Once you change the value, you have to recompile Postgrex, which can be done by cleaning its current build:

mix deps.clean postgrex --build

Extensions

Extensions are used to extend Postgrex' built-in type encoding/decoding.

The extensions directory in this project provides implementation for many Postgres' built-in data types. It is also a great example of how to implement your own extensions. For example, you can look at the Date extension as a starting point.

Once you defined your extensions, you should build custom type modules, passing all of your extensions as arguments:

Postgrex.Types.define(MyApp.PostgrexTypes, [MyApp.Postgis.Extensions], [])

Postgrex.Types.define/3 must be called on its own file, outside of any module and function, as it only needs to be defined once during compilation.

Once a type module is defined, you must specify it on start_link:

Postgrex.start_link(types: MyApp.PostgrexTypes)

OID type encoding

PostgreSQL's wire protocol supports encoding types either as text or as binary. Unlike most client libraries Postgrex uses the binary protocol, not the text protocol. This allows for efficient encoding of types (e.g. 4-byte integers are encoded as 4 bytes, not as a string of digits) and automatic support for arrays and composite types.
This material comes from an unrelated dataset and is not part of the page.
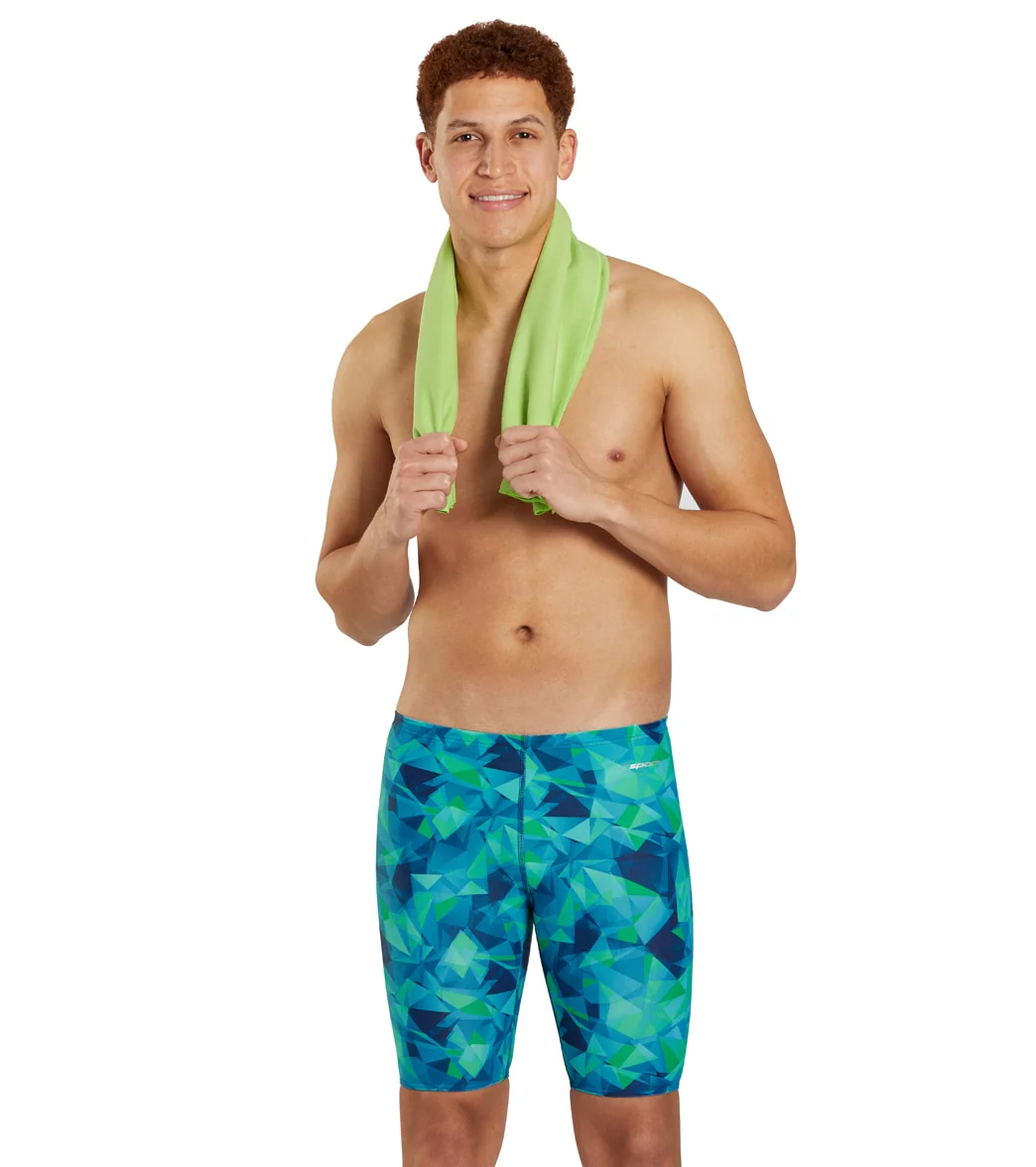 Sporti Fractalicious Jammer Swimsuit (22-40) - Image 23
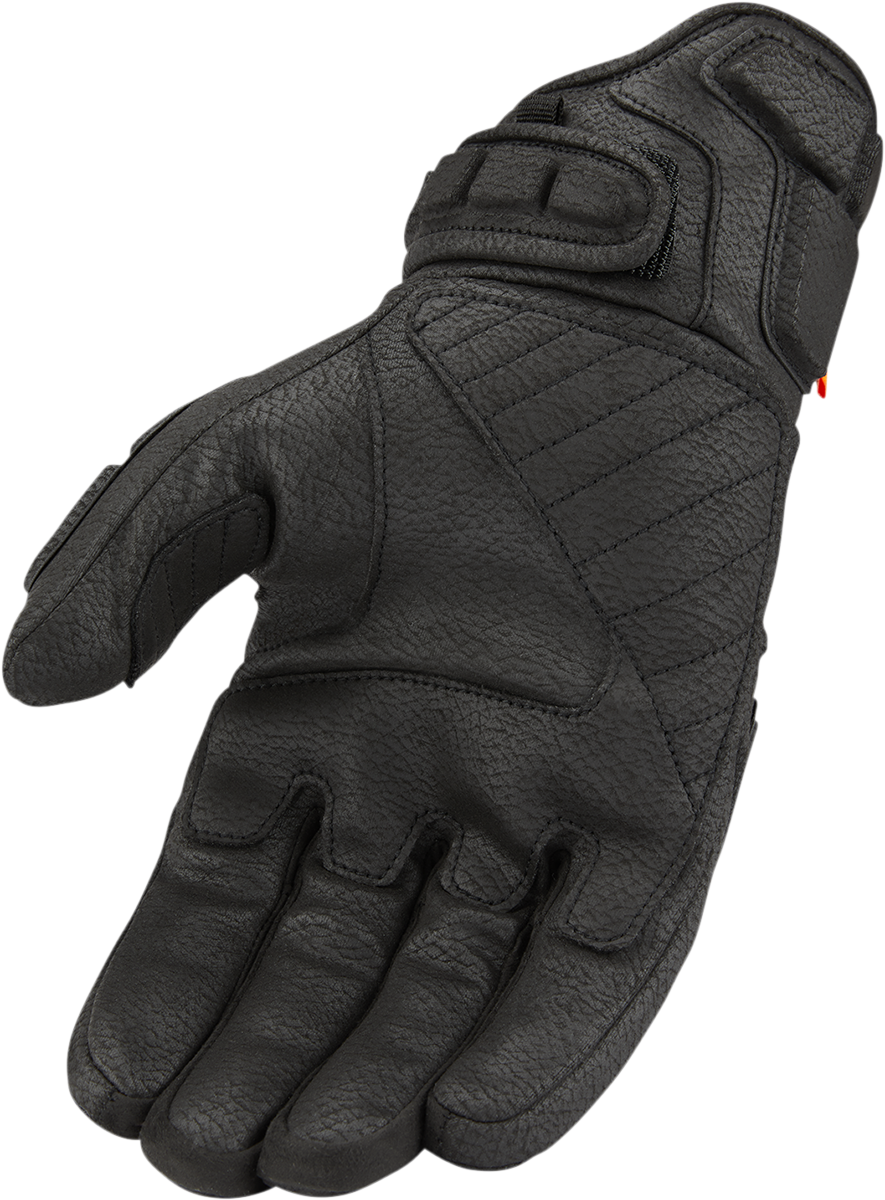 ICON Motorhead3™ CE Gloves  Black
Unfortunately the PostgreSQL binary protocol transports OID types as integers while the text protocol transports them as string of their name, if one exists, and otherwise as integer.
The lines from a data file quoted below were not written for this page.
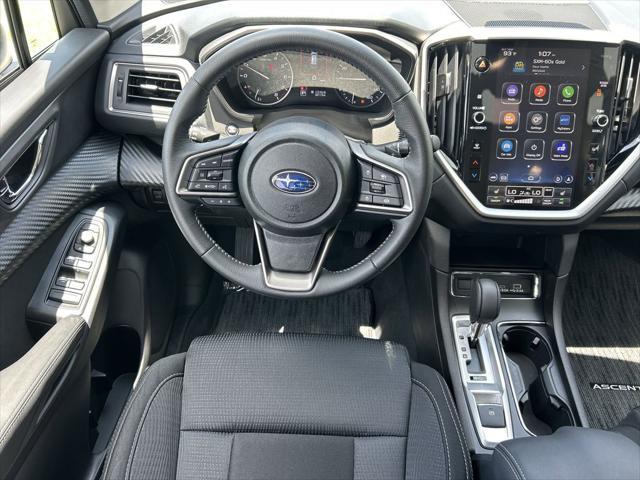 used 2025 Subaru Ascent car, priced at $38,498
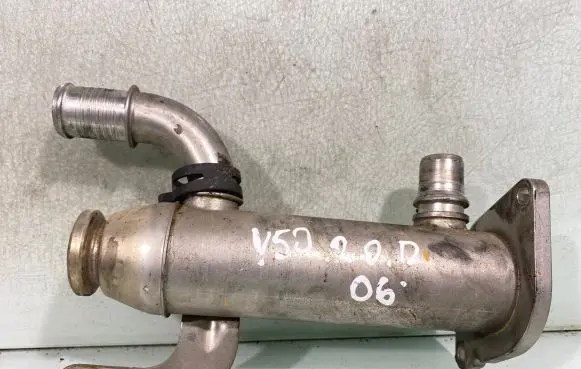 Volvo S40 EGR valve cooler 993062h 8653691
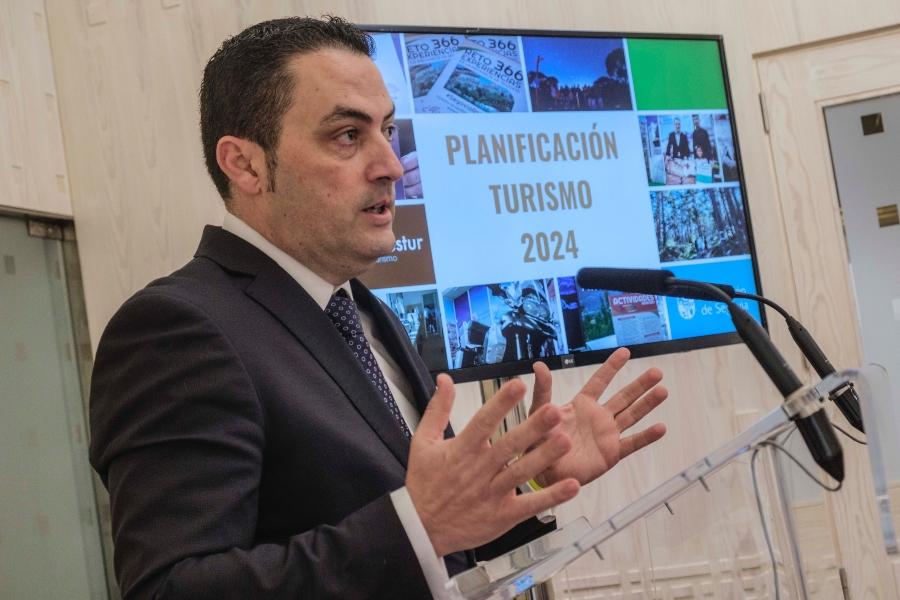  El Área de Turismo de la Diputación se marca como objetivo principal para 2024 promocionar el potencial turístico de la provincia a nivel nacional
This means you either need to supply oid types as integers or perform an explicit cast (which would be automatic when using the text protocol) in the query.
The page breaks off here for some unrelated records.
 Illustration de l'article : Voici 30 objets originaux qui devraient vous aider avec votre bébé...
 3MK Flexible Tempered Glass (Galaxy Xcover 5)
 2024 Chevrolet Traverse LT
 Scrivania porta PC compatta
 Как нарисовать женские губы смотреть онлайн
# Fails since $1 is regclass not text.
query("select nextval($1)", ["some_sequence"])

# Perform an explicit cast, this would happen automatically when using a
# client library that uses the text protocol.
query("select nextval($1::text::regclass)", ["some_sequence"])

# Determine the oid once and store it for later usage. This is the most
# efficient way, since PostgreSQL only has to perform the lookup once. Client
# libraries using the text protocol do not support this.
%{rows: [{sequence_oid}]} = query("select $1::text::regclass", ["some_sequence"])
query("select nextval($1)", [sequence_oid])

PgBouncer

When using PgBouncer with transaction or statement pooling named prepared queries can not be used because the bouncer may route requests from the same postgrex connection to different PostgreSQL backend processes and discards named queries after the transactions closes. To force unnamed prepared queries:

Postgrex.start_link(prepare: :unnamed)

Contributing

To contribute you need to compile Postgrex from source and test it:

$ git clone https://github.com/elixir-ecto/postgrex.git
$ cd postgrex
$ mix test

The tests requires some modifications to your hba file. The path to it can be found by running $ psql -U postgres -c "SHOW hba_file" in your shell. Put the following above all other configurations (so that they override):

local   all             all                     trust
host    all             postgrex_md5_pw         127.0.0.1/32    md5
host    all             postgrex_cleartext_pw   127.0.0.1/32    password
host    all             postgrex_scram_pw       127.0.0.1/32    scram-sha-256

The server needs to be restarted for the changes to take effect. Additionally you need to setup a PostgreSQL user with the same username as the local user and give it trust or ident in your hba file. Or you can export $PGUSER and $PGPASSWORD before running tests.

Testing hstore on 9.0

PostgreSQL versions 9.0 does not have the CREATE EXTENSION commands. This means we have to locate the postgres installation and run the hstore.sql in contrib to install hstore. Below is an example command to test 9.0 on OS X with homebrew installed postgres:

$ PGVERSION=9.0 PGPATH=/usr/local/share/postgresql9/ mix test

License

Copyright 2013 Eric Meadows-Jönsson

Licensed under the Apache License, Version 2.0 (the "License"); you may not use this file except in compliance with the License. You may obtain a copy of the License at

http://www.apache.org/licenses/LICENSE-2.0

Unless required by applicable law or agreed to in writing, software distributed under the License is distributed on an "AS IS" BASIS, WITHOUT WARRANTIES OR CONDITIONS OF ANY KIND, either express or implied. See the License for the specific language governing permissions and limitations under the License.